Ebenso wie bei EEK kommt der künstlerischen Praxis in der künstlerischen Forschung ein zentraler Stellenwert zu. Häufig wird dazu das Medium „Bühne“ zu einem Labor für eine forschende Auseinandersetzung (Badura 2015, 24). Das in der künstlerischen Praxis generierte Wissen wäre durch historische oder systematische Analysen alleine nicht zu gewinnen gewesen. Im Gegensatz zu EEK steht dieses Wissen aber sowohl in der Vorbereitung, der Durchführung sowie in der Nachbereitung des Projekts in einer komplementären Relation zu einer kritischen theoretischen Auseinandersetzung. Diese notwendige Korrelation führt häufig zu einer transdisziplinären Ausrichtung von künstlerischer Forschung, was sich unter anderem in dem Einbezug von Geistes-, Sozial- und Naturwissenschaften bzw. verschiedenen Künsten niederschlägt (Peters 2017, 25). Sie zeigt sich darüber hinaus auch in der häufigen Zusammenarbeit in interdisziplinären Arbeits- und Projektgruppen (Künstler*innen / Wissenschafter*innen). Künstlerische Forschung hat in der Regel einen prozesshaften Charakter.

Darüber hinaus ist die kritische Reflexion der Ergebnisse und Methoden für künstlerische Forschung, deren Dokumentation sowie Publikation maßgeblich. Die Aufführung eines künstlerischen Werkes ist als ausschließliche Publikation der Forschungsergebnisse in der Regel nicht ausreichend (AEC 2015, 5). Im Sinne des österreichischen Wissenschaftsfonds FWF sind Publikationen bei künstlerischer Forschung jedoch nicht auf das geschriebene Wort beschränkt, sondern schließen auch andere, ggf. experimentelle (Präsentations-)Formen des Wissenstransfers ein.

 

Kooperationen zwischen Kunst und Wissenschaft

Eine Besonderheit der MUK stellt vor allem im Bereich „Veranstaltungen“ die Schwerpunktsetzung auf Kooperationen zwischen Kunst und Wissenschaft dar.

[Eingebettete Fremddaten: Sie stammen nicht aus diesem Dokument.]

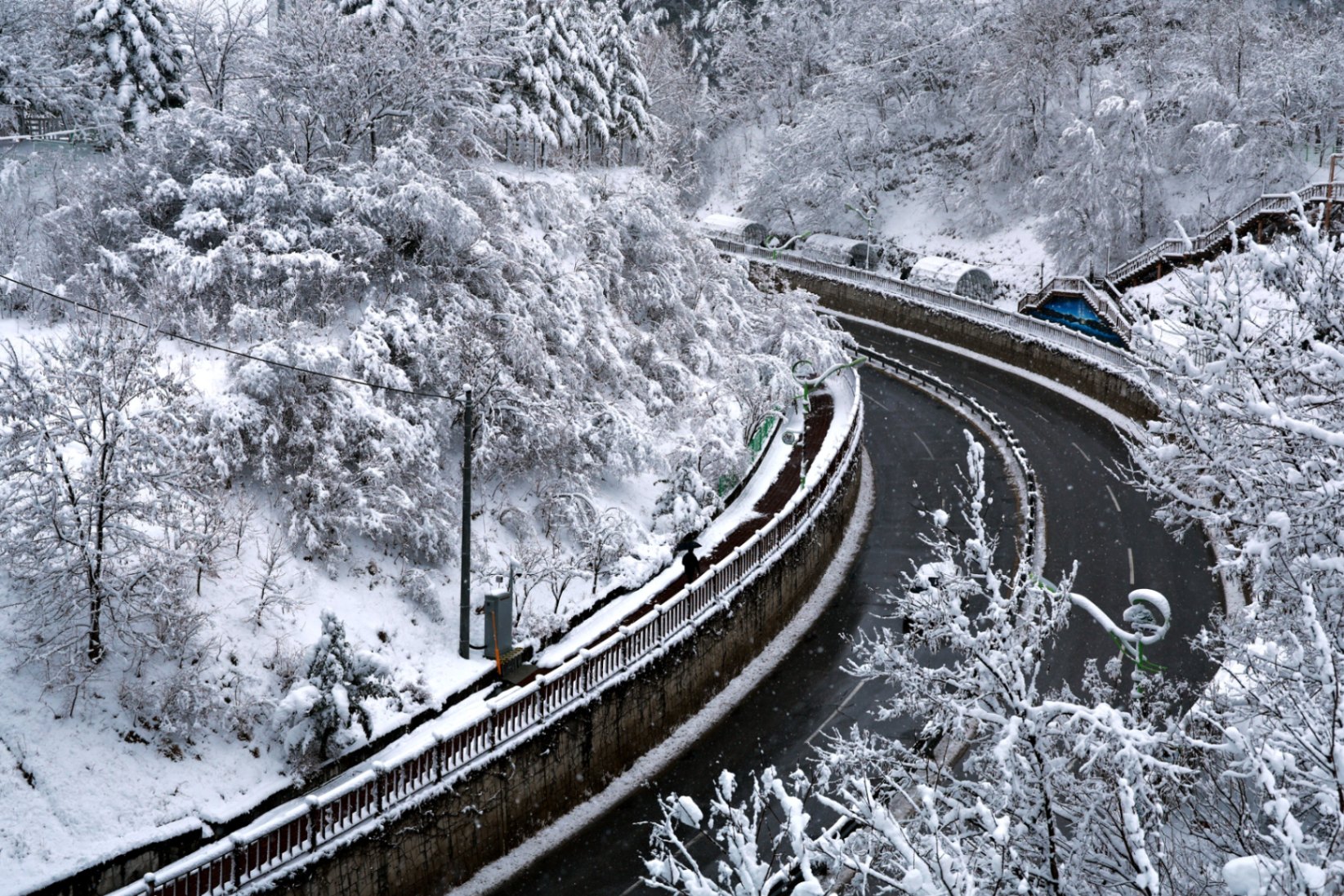 태백지역 폭설, 전 공무원 투입 제설 총력 대응 …도로·인도 열선 가동 효과 ‘톡톡 이미지 3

Diese finden meist personell in der aktiven Zusammenarbeit von Künstler*innen und Wissenschafter*innen in Form von Gesprächskonzerten, Tagungen, Workshops, Podiumsdiskussionen oder Ähnlichem statt. Im Gegensatz zu EEK und künstlerischer Forschung kommt es hierbei zwar zu einer wechselseitigen Ergänzung sowie Bereicherung der beiden Felder Kunst und Wissenschaft, diese verbleiben aber in der Regel in ihrer Eigenständigkeit. Insbesondere bei künstlerischer Forschung gehen hingegen im Idealfall aus der Synergie von Kunst und Wissenschaft Erkenntnisse hervor, die die Eigenständigkeit dieser beiden Bereiche überschreiten.

Sowohl bei Kooperationen zwischen Kunst und Wissenschaft als auch bei EEK sowie bei künstlerischer Forschung besteht ein reger Austausch zwischen Lehre und forschender Praxis, was nicht nur in projektbezogenen Unterrichtsformaten, sondern auch durch die gezielte Vermittlung von künstlerischem Wissen sowie von Methoden der künstlerischen Forschung deutlich wird.